Skip to content

Counting the number of characters in comments line in C

An answer to this question on Stack Overflow.

Question

I need to count the characters in the comments from a C program, that is supplied as a standard input. This is my function, but for some reason it's not counting right. Can you help me please?

int characters(FILE *file)
{
     int i=0;
     char ch[500], *p;
     while (fgets(ch, sizeof(ch),file)!=NULL)
     {
        p=ch;
        while (*p)
        { 
           if (*p=='/')
           { 
              p++;
              if (*p=='*')
              {
                 p++;
                 while (*p!='*' && *(p++)!='/')
                 {
                    i++;
                    p++;
                 }
              }
           }
           else
              p++;
         }
   
   return i;
}

Answer

Your code scared me.

There were a lot of pointers going on, and nested loops.

It's easy to get the logic wrong in there, and the code is difficult to extend if you need to make changes.
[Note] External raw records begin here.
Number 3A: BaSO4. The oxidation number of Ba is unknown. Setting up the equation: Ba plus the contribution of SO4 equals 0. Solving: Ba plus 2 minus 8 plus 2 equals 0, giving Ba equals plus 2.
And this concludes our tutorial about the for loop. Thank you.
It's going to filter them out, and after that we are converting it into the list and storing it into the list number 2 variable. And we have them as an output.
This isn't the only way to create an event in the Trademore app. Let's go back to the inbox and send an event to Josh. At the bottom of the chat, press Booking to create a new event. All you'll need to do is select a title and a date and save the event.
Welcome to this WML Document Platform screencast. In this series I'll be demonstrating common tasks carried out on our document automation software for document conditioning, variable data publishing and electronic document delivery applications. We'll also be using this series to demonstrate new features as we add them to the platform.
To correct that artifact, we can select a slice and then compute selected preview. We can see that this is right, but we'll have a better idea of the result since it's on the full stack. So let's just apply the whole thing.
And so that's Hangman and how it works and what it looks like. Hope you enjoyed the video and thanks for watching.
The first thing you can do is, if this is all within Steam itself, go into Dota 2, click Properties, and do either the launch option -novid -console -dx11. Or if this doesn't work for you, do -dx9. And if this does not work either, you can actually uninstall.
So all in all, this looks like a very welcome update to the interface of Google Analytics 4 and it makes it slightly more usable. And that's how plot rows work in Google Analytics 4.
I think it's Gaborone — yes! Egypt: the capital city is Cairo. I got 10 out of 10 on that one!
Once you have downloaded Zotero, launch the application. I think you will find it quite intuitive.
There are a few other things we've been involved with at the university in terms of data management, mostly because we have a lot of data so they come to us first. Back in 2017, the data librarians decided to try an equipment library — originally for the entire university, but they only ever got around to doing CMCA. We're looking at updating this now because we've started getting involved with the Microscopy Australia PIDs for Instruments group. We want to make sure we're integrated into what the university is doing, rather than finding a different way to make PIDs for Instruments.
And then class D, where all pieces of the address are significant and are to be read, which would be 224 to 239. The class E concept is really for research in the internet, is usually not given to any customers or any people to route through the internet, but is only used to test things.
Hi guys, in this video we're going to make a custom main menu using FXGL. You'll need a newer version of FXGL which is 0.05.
Might I suggest a different solution?

A state machine!

We'll read in the file one character at a time and keep track of what state the machine is in. We'll then use this to decide whether or not we are in a comment.

#include <cstdio>
#define S_CODE		    1
#define S_ONESLASH		2
#define S_LINECOMMENT	3
#define S_BLOCKCOMMENT	4
#define S_BLOCKSTAR		5
int characters(FILE *file){
	int ccount=0;
	char ch;
	int state=S_CODE;
     while ((ch=fgetc(file))!=EOF){
		switch(state){
			case S_CODE:
				if (ch=='/')
					state=S_ONESLASH;
				break;
			case S_ONESLASH:
				if (ch=='/')
					state=S_LINECOMMENT;
				else if (ch=='*')
					state=S_BLOCKCOMMENT;
				else
					state=S_CODE;
				break;
			case S_LINECOMMENT:
				if (ch=='\n')
					state=S_CODE;
				else
					ccount++;
				break;
			case S_BLOCKCOMMENT:
				if (ch=='*')
					state=S_BLOCKSTAR;
				ccount++;
				break;
			case S_BLOCKSTAR:
				if (ch=='/')
					state=S_CODE;
				else if (ch=='*')
					state=S_BLOCKSTAR;
				else
					state=S_CODE;
				ccount++;
				break;
		}
	}
	return ccount;
}
int main(int argc, char **argv){
	FILE *fin=fopen(argv[1],"r");
	printf("%d\n",characters(fin));
}

Notice how we use the characters / and * and \n to mark transitions between the machine's different states and how in some states we increment the comment-character counter, but in others not. I think it's much easier to keep track of what's going on here.